Schließlich ergab sich für Grimm ein erneuter Auftrag zum jüngsten jüdischen Gedenkstein. Über dessen Hintergrund erzählt der Künstler: „In der Dinslakener Innenstadt gab es einen lange genutzten Judenfriedhof „Auf dem Doel“. Dieser lag einst einer Erweiterung der städtischen Infrastruktur im Wege. Eine neue Straßenbahn sollte vom nahen Bahnhof über diesen jüdischen Friedhof in die Großstadt Duisburg fahren können. Ein jüdischer Friedhof ist jedoch für die Ewigkeit angelegt. Die Totenruhe darf nicht gestört werden. Nach langem Hin und Her konnten die jüdische Gemeinde und die Stadt sich 1927 einigen. In Breslau war ein ähnlich gelagerter Fall eingetreten.
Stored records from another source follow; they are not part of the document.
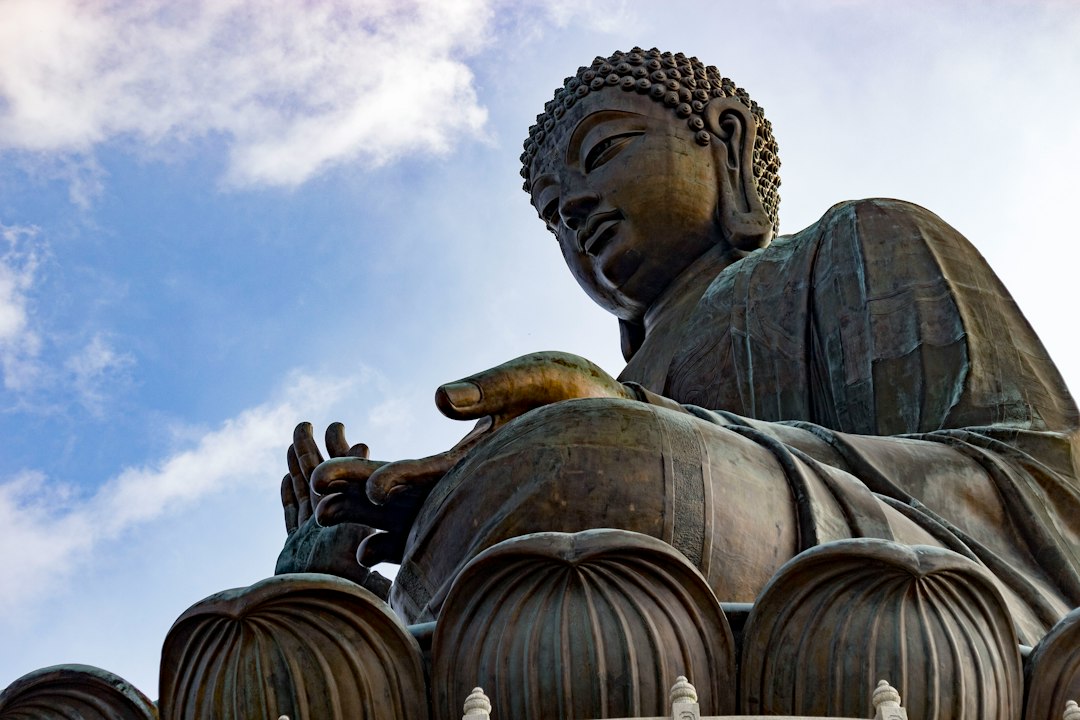 Entdeckung des Tian Tan Buddha in Hongkong - Lantau Island | Secret World Trip Planner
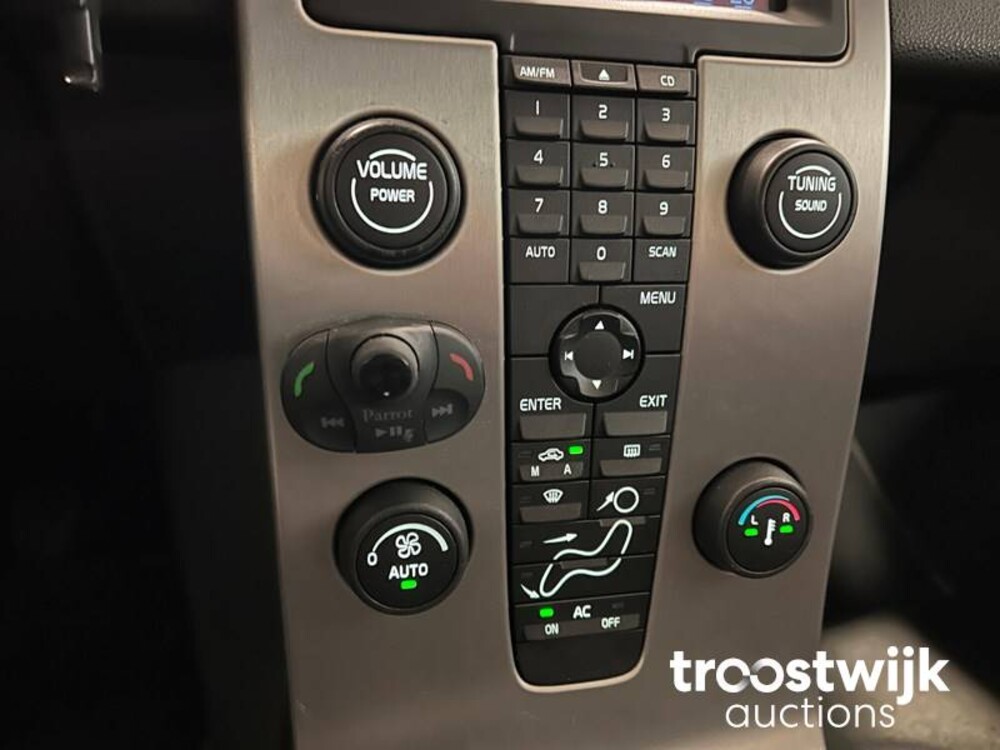 Volvo V50 2.4 Momentum Car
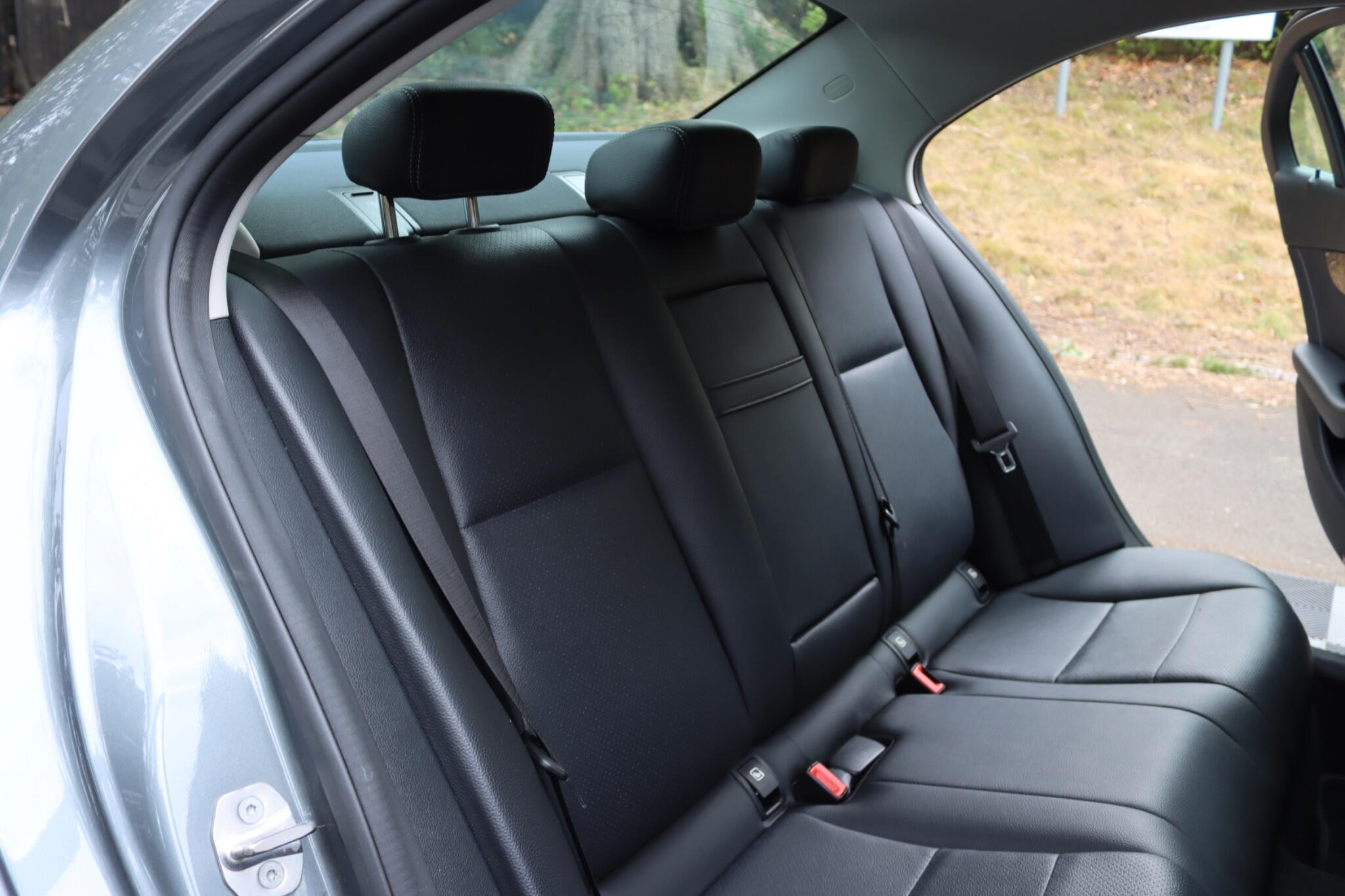 Mercedes-Benz C Class view 30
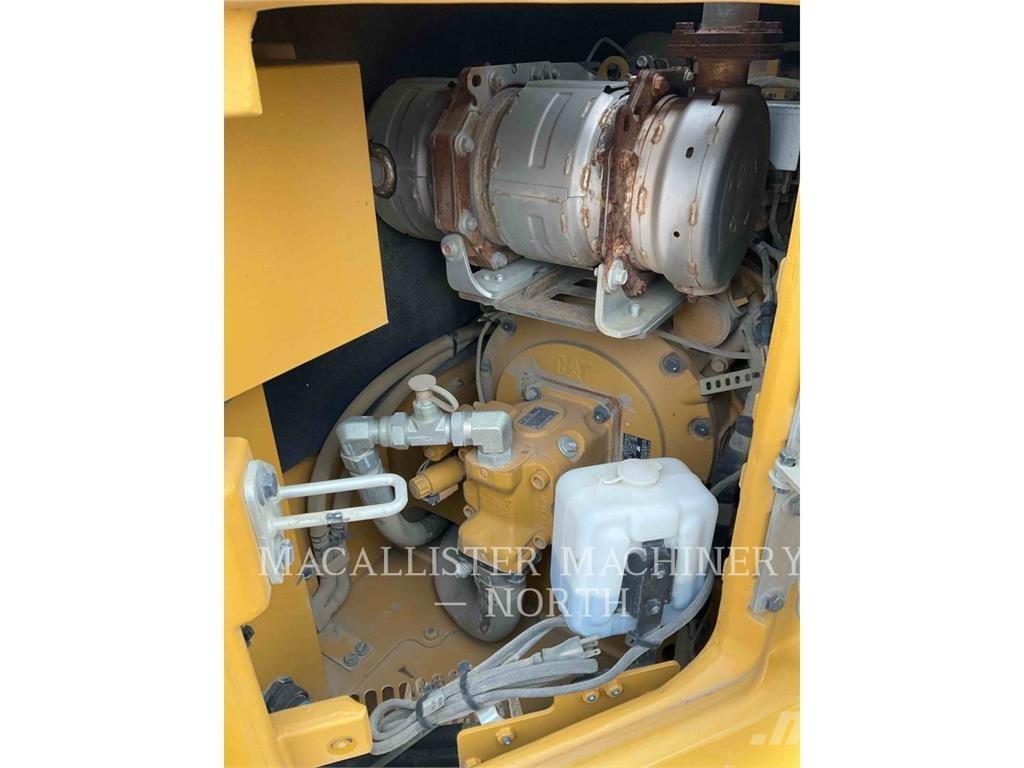 CAT 30807CR حفارات زحافة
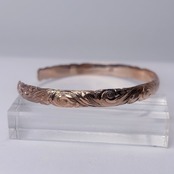Classic Hawaiian Bangle -Heritage / Pink Gold-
Dort erging eine Entscheidung, die für das Geschehen in Dinslaken Einfluss haben sollte: Gegenüber dem obersten Gesetz der jüdischen Religion darf die Ausübung von Geboten niemals Leben und Gesundheit von Menschen gefährden. Die Unantastbarkeit der Friedhöfe müsse zurücktreten. Die Unversehrtheit der Lebenden stehe über dem Gesetz des ewigen Ruherechts. So wurde der Dinslakener Friedhof eingeebnet und verschwand unter dem Straßenpflaster des neuen Kreisverkehrs. Man munkelt auch noch heute, dass Knochen unter den Steinen liegen. Laut Vertrag darf diese Stätte auch nicht überbaut werden. Die alten, jüdischen Grabsteine hat man auf den neuen Parkfriedhof überführt, der 1927 angelegt wurde.“

Alfred Grimm, Mahnmal zur ehemaligen jüdischen Gemeinde, 2021 (Foto: Joachim Pfannschmidt, Münster)

Am Ort dieses alten jüdischen Friedhofs sollte Grimm eine neue Gedenkstätte gestalten. Nach Fotos aus dem Stadtarchiv, die das Abtragen des Friedhofs im Jahr 1927 dokumentieren, formte er die damalige Gegebenheit in Wachs nach: Die bergige Anlage, die wuchernden Bäume, den umgebenden Eisenzaun und die noch auf dem Parkfriedhof erhaltenen Grabsteine. Drei ausgewählte Grabsteine aus den Jahren 1770, 1858 und 1931 bildete Grimm etwas größer unten an dem Fuß der Mittelstele nach. Zusätzlich wurde ein QR-Code angefügt, mit dessen Hilfe umfassendere Informationen abgerufen werden können: Stadtpläne, Urkunden, Interviews, Presseartikel, Fotos, Karten und historische Materialien, eingebunden in ein größeres Umfeld und verbunden mit allen Außenplastiken der Stadt und ähnlichen Projekten. Die endgültige Fertigstellung mit Einsatz der bronzenen Texttafel und des QR-Codes erfolgte jüngst am 18.11.2021 und erinnert seitdem an Dinslakens Kreisverkehr (in unmittelbarer Nähe zum Mahnmal von 1993) an die besondere Geschichte dieses Ortes und der Menschen, die hier einst lebten.